[Caption-style text data]

= = = = =

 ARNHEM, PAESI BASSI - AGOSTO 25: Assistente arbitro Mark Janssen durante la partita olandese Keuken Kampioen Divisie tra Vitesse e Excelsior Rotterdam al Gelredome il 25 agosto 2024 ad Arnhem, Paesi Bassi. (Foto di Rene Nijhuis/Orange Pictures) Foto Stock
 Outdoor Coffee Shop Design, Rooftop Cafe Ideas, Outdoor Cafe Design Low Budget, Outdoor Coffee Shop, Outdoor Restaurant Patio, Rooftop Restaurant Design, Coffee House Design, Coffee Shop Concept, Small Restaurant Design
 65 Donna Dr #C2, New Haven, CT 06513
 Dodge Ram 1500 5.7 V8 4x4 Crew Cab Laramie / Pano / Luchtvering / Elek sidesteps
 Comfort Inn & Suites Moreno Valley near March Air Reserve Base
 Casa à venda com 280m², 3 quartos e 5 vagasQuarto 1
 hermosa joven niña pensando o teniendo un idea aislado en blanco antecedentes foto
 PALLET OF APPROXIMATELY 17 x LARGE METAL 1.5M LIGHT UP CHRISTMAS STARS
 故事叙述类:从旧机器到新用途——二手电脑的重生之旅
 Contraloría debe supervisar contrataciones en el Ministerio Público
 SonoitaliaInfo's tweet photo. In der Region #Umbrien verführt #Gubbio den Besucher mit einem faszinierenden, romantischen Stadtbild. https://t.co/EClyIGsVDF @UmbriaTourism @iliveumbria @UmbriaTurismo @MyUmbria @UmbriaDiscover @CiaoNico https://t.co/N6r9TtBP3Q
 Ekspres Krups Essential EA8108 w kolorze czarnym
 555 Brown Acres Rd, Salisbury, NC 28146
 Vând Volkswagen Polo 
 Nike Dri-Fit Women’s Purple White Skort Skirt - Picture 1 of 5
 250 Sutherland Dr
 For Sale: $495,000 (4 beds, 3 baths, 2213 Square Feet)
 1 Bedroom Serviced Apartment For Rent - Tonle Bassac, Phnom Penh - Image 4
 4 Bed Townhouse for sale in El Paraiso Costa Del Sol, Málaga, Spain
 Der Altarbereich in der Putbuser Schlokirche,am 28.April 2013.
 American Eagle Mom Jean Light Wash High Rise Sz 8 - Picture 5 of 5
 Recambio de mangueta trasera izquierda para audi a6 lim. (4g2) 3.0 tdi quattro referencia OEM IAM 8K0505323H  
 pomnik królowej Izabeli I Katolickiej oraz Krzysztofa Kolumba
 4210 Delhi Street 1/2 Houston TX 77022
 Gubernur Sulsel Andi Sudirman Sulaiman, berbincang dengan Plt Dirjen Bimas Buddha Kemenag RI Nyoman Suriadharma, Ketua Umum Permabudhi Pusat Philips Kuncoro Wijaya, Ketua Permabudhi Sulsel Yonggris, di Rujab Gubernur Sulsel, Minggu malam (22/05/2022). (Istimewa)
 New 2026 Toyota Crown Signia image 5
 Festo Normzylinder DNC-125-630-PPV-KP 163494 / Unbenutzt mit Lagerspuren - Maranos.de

= = = = =

__WORK TO BE COMPLETED__: Up to and including the line with "Contraloría debe supervisar", write out the records above exactly, starting from their first line.

__RESULT FOR THIS TASK__:
 ARNHEM, PAESI BASSI - AGOSTO 25: Assistente arbitro Mark Janssen durante la partita olandese Keuken Kampioen Divisie tra Vitesse e Excelsior Rotterdam al Gelredome il 25 agosto 2024 ad Arnhem, Paesi Bassi. (Foto di Rene Nijhuis/Orange Pictures) Foto Stock
 Outdoor Coffee Shop Design, Rooftop Cafe Ideas, Outdoor Cafe Design Low Budget, Outdoor Coffee Shop, Outdoor Restaurant Patio, Rooftop Restaurant Design, Coffee House Design, Coffee Shop Concept, Small Restaurant Design
 65 Donna Dr #C2, New Haven, CT 06513
 Dodge Ram 1500 5.7 V8 4x4 Crew Cab Laramie / Pano / Luchtvering / Elek sidesteps
 Comfort Inn & Suites Moreno Valley near March Air Reserve Base
 Casa à venda com 280m², 3 quartos e 5 vagasQuarto 1
 hermosa joven niña pensando o teniendo un idea aislado en blanco antecedentes foto
 PALLET OF APPROXIMATELY 17 x LARGE METAL 1.5M LIGHT UP CHRISTMAS STARS
 故事叙述类:从旧机器到新用途——二手电脑的重生之旅
 Contraloría debe supervisar contrataciones en el Ministerio Público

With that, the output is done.